Instructions for the task:
Copy out every line of the material below, character for character, apart from the pictures.

Data:
= = = = =
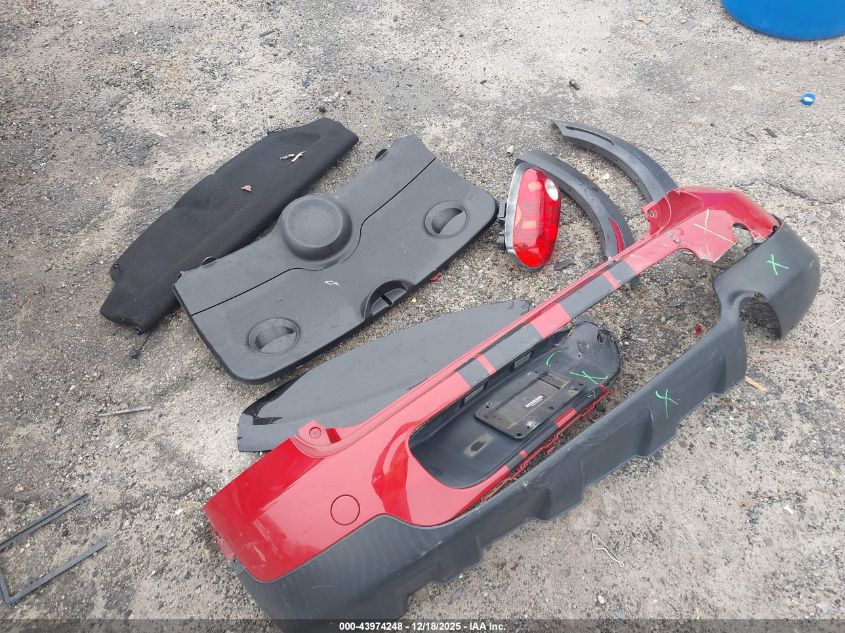 2013 Mini Countryman Cooper VIN: WMWZB3C52DWM07389 Lot: 43974248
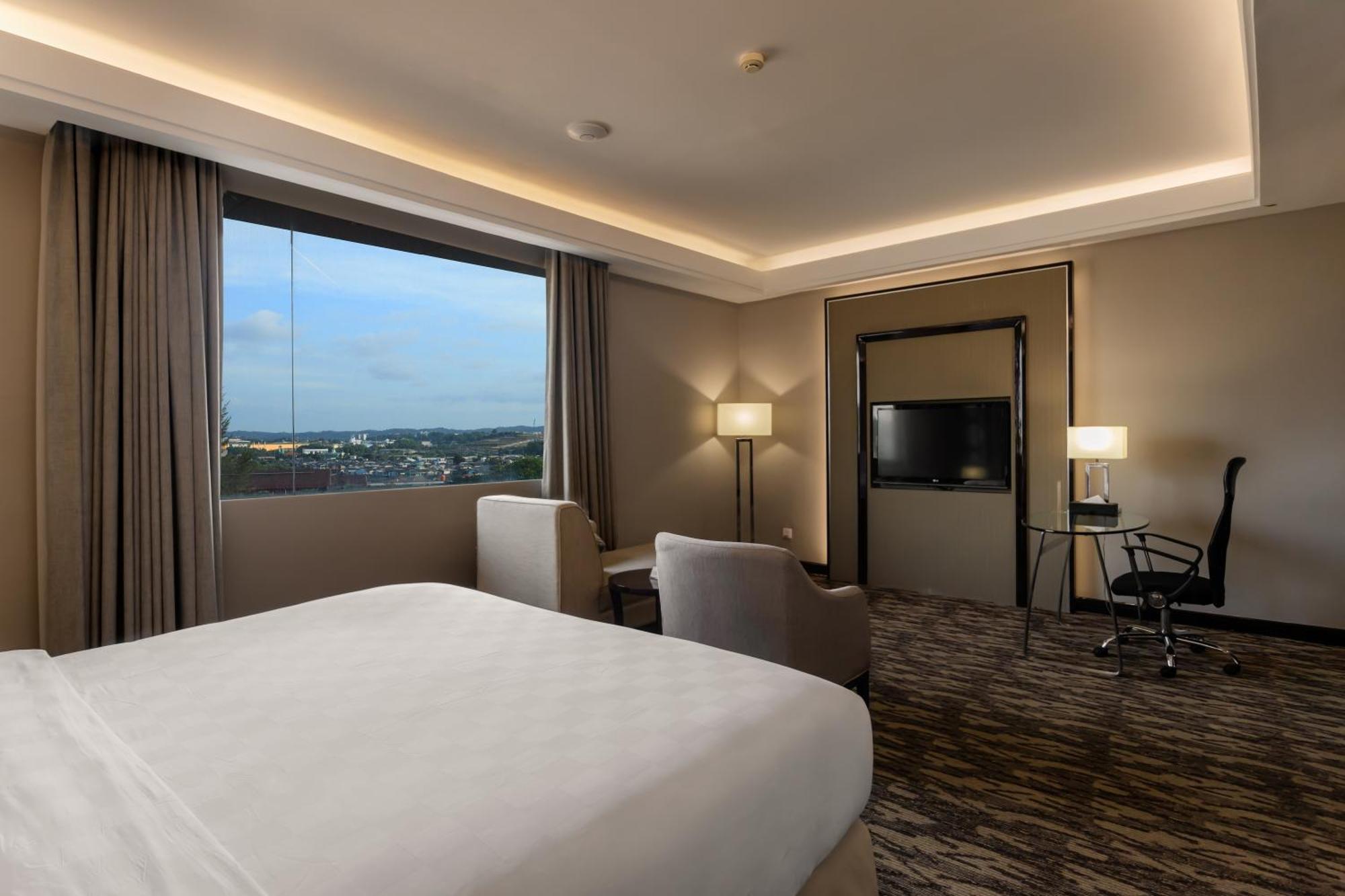 Swiss-Belhotel Harbour Bay Nagoya Dış mekan fotoğraf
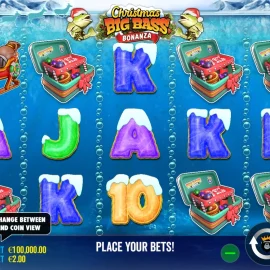 Christmas Big Bass Bonanza Demo Slot Arvostelu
= = = = =
Answer to the exercise:
 2013 Mini Countryman Cooper VIN: WMWZB3C52DWM07389 Lot: 43974248
 Swiss-Belhotel Harbour Bay Nagoya Dış mekan fotoğraf
 Christmas Big Bass Bonanza Demo Slot Arvostelu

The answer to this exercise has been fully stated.